→ Supplied data

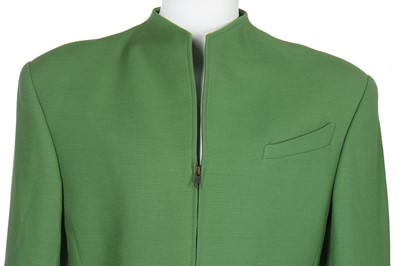 Lot 187 - A good Thierry Mugler green wool suit, circa 1991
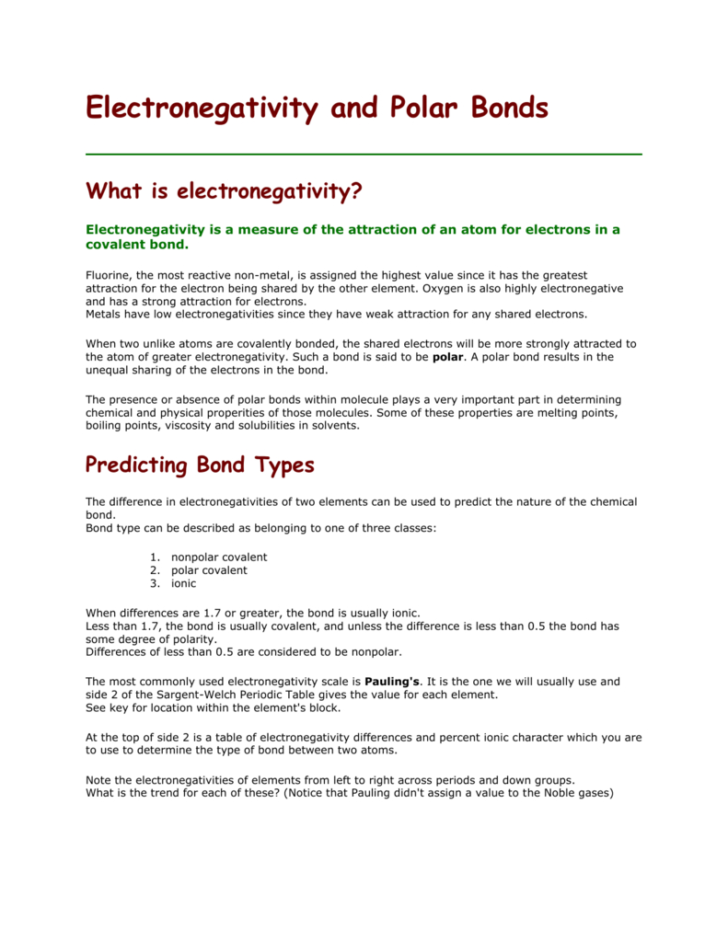 Polarity And Electronegativity Worksheet Answers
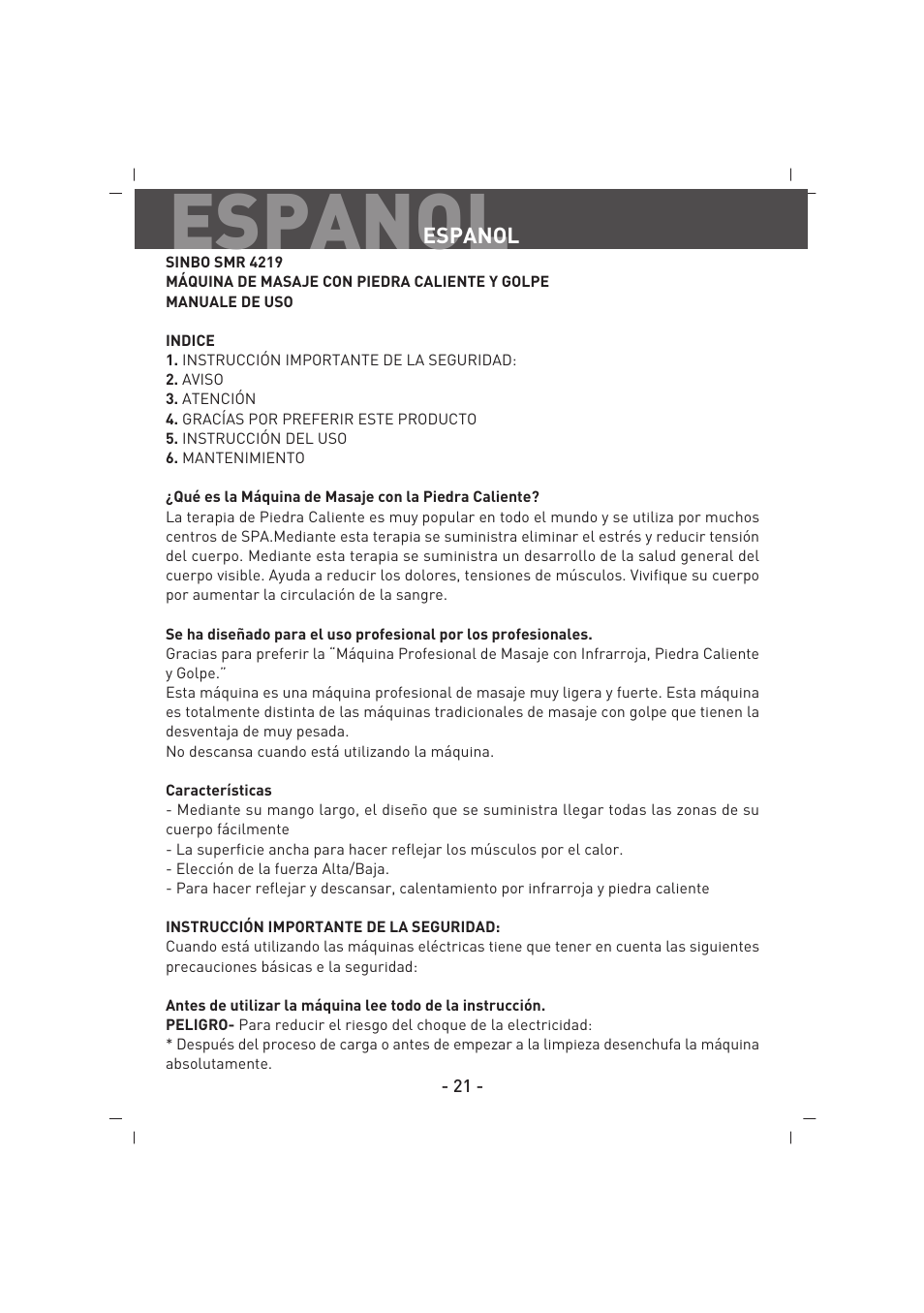 Espanol | SINBO SMR 4219 User Manual | Page 22 / 48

→ Task goal
Repeat all the material exactly, but keep pictures out of the copy.

→ Response area
 Lot 187 - A good Thierry Mugler green wool suit, circa 1991
 Polarity And Electronegativity Worksheet Answers
 Espanol | SINBO SMR 4219 User Manual | Page 22 / 48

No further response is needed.